Read on to learn our Data Science workflow, with a practical example, and see how it can help you in your projects.

A Practical Example - Building a Tech Radar

Meltwater held an internal hackathon recently where I teamed up with a colleague to build a tech radar. A Technology Radar is a living document that makes recommendations as to which technologies the industry should adopt or hold back on. Assessments are based on personal opinions and experiences of engineers who build the radar.

To turn this from an opinion problem into a data problem, we built a “tech popularity” radar powered by news articles from the Meltwater Media Intelligence Platform. An accurate popularity radar would require deep market analysis, but for simplicity’s sake, we used a naive approach of counting occurrences of technical terms in articles and asserting popularity based on those counts. After all, the real purpose of this project was to exercise our Data Science muscles.

Project Requirements

Evaluate a collection of articles that cover topics under 4 main domains:

  • Programming Languages
  • Data Management
  • Software Frameworks
  • Infrastructure

Have 4 assessment levels in each domain:

  • Adapt - very popular, high confidence in using at work
  • Trial - promising with upward trend but with slight risk
  • Assess - high risk but still worth investing in some research and prototyping
  • Hold - not recommended for new projects

Our Data Science Workflow

Our workflow is a series of linear steps where each step takes an input, processes it and passes the results onto the next one for further processing. Please keep in mind that nothing is set in stone. You can add, remove or reorder steps as you see fit.
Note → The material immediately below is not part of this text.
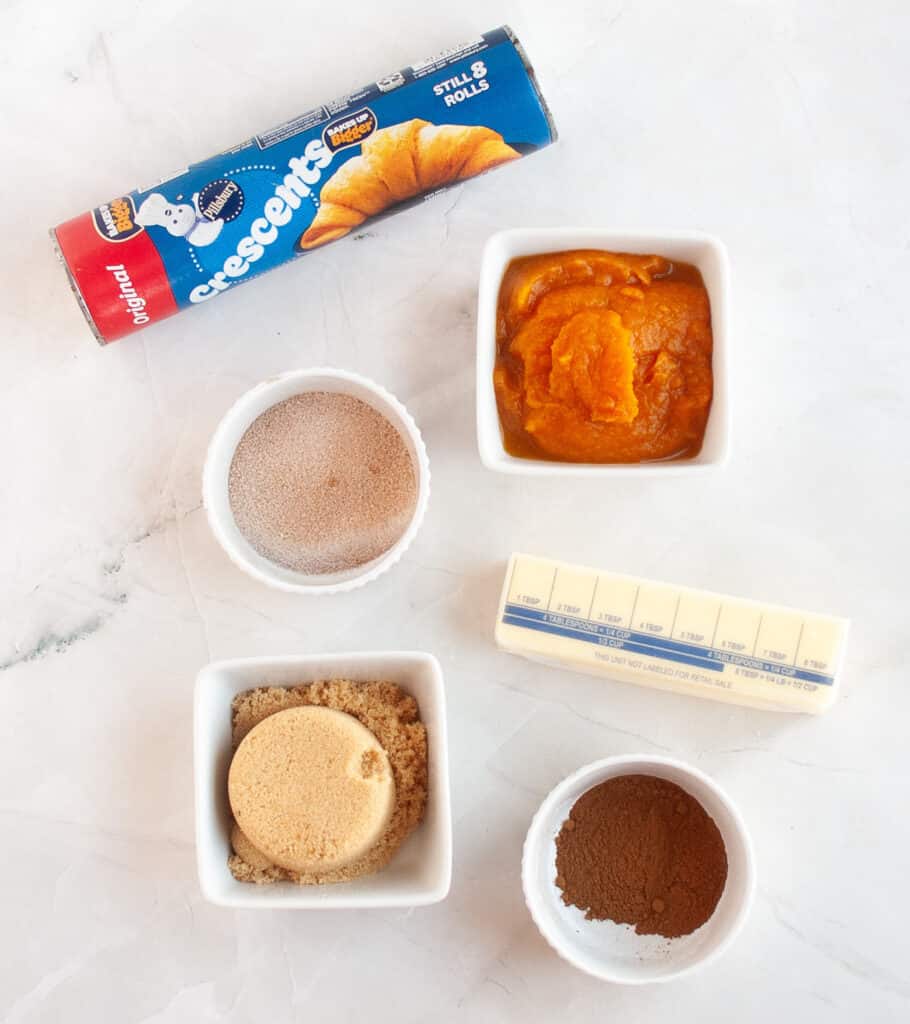 Ingredients on a white surface for Pumpkin Pie Twists: crescent roll dough, pumpkin puree, butter, brown sugar, cinnamon-sugar mix, and ground cinnamon, each in separate bowls or containers.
The beauty of having a plug-and-play model is that each step can be tested and validated separately.

Setting Up Your Dev Environment

We recommend installing the Python Data Science distribution Anaconda. It installs Python and packages for scientific computing such as the Jupyter Notebook, a powerful interactive environment (REPL) that runs on your browser.

brew cask install anaconda

# Add anaconda to your path
export PATH=“/usr/local/anaconda3/bin:\$PATH"

# start Jupyter
jupiter-lab

Training a Prediction Model

Let’s remember our project requirements. A collection of articles enters our workflow, and we need to classify them into 4 domains without any human judgment. This is where a prediction model comes into play to simulate human judgment.

Google offers a series of services to make ML accessible to everyone. AutoML Natural Language is one such service that we’ll be using to train our prediction model. We begin with labeling a dataset containing 1000 articles. The idea is to give the machine enough examples of input and expected output (label) so that it can form a connection between the two. Accuracy of labeling is, therefore, very important to AutoML’s ability to predict.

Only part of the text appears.